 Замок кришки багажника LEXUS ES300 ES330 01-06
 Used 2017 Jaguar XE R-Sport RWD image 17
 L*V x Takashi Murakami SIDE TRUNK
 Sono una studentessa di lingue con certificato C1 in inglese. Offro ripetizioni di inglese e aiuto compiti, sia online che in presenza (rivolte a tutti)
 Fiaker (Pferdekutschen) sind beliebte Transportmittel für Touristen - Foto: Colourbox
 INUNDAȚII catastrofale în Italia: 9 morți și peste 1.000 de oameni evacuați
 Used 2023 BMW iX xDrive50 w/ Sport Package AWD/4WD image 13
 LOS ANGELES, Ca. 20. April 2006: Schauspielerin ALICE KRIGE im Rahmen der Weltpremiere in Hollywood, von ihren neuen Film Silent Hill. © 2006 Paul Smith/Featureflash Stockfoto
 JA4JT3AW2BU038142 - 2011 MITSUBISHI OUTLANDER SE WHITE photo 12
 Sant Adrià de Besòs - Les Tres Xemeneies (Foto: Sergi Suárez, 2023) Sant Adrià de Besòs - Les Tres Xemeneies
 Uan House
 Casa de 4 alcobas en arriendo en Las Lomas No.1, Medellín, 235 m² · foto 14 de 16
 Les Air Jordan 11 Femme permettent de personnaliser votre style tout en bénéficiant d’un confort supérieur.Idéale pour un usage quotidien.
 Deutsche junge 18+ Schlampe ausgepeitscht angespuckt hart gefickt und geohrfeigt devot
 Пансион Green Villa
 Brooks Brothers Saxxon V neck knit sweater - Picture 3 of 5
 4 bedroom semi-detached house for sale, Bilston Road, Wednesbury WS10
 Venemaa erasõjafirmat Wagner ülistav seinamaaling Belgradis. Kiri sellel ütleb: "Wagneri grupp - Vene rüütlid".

▶ What this task involves
What you give back should be the lines from the one with "Casa de 4 alcobas" to the end of the data, copied exactly, both ends included.

▶ Result for this exercise
 Casa de 4 alcobas en arriendo en Las Lomas No.1, Medellín, 235 m² · foto 14 de 16
 Les Air Jordan 11 Femme permettent de personnaliser votre style tout en bénéficiant d’un confort supérieur.Idéale pour un usage quotidien.
 Deutsche junge 18+ Schlampe ausgepeitscht angespuckt hart gefickt und geohrfeigt devot
 Пансион Green Villa
 Brooks Brothers Saxxon V neck knit sweater - Picture 3 of 5
 4 bedroom semi-detached house for sale, Bilston Road, Wednesbury WS10
 Venemaa erasõjafirmat Wagner ülistav seinamaaling Belgradis. Kiri sellel ütleb: "Wagneri grupp - Vene rüütlid".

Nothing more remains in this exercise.